The discussion then turned to the topics that are top of mind for TDWI listeners today.
“There’s been a lot of interest in new data platforms, such as unified platforms to support modern analytics and AI, because organizations are tired of data silos,” Halper said. “Typically, this is some sort of cloud stack or data lakehouse, but sometimes it’s a virtualization or semantic layer, such as a data fabric.”
“Of course, we’re seeing a lot of interest in generative AI. Attendees at our webinars have been asking a lot of questions about implementing generative AI, the different approaches vendors have to supporting it, and how to govern it -- a lot of ‘nuts and bolts’ issues.”
“We also get questions about broader issues such as what to do when models are generating inaccurate or otherwise bad responses,” Halper said. There is some work being done in academia, she explained, into ways to see inside these “black box” models and actually determine how they came to a particular decision.
“One would imagine that vendors offering products based on their own foundation models will have to offer some kind of support to their customers.” Even still, Halper added, if organizations want generative AI products that are going to be production-ready, trustworthy, and compliant, they will have to be ready to dig into the work of managing it.

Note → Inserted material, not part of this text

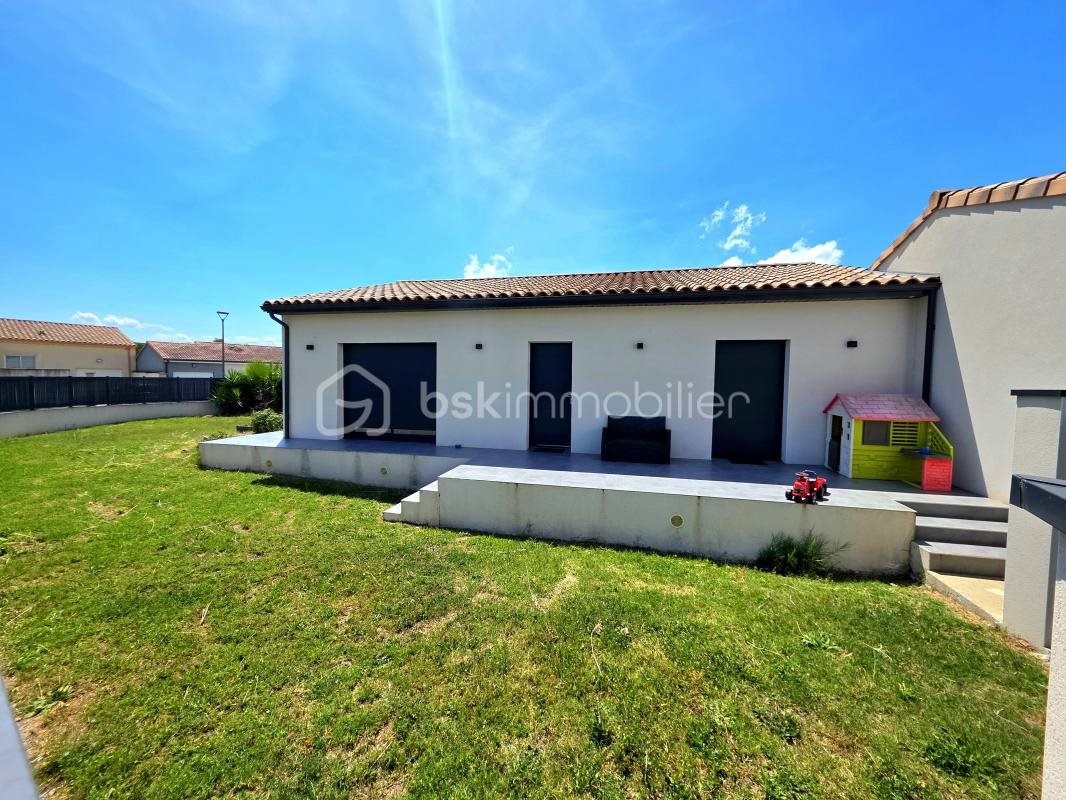 Maison à vendre, 130m², Pierrelatte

“Just as you have to consistently monitor machine learning models to ensure they don’t drift or go stale, keeping generative AI products sharp and on target may require as much work or more,” Halper said.
The conversation then turned to the current market for generative AI-enabled products.
“First, people should know that there’s a lot of vendor activity happening,” Halper explained. “There have been hundreds, if not thousands, of startups recently to provide point solutions -- text generators, music generators, image generators, and speech generators.” Halper expressed not being impressed with the results from most of the tools she’s tried so far, but as more vendors incorporate generative AI into their products -- such as Databricks’ recently announced Lakehouse IQ, which purports to enable users to interact with their data using natural language -- she advised users to keep an eye on what is likely to be a steady stream of new product releases.
She did warn, though, that there is already increased regulatory and legal scrutiny of these new technologies, which may slow adoption and increase overhead for enterprises adopting generative AI. This is in addition to issues that continue to affect traditional AI, such as scaling and deploying models, and identifying and eliminating model drift and bias.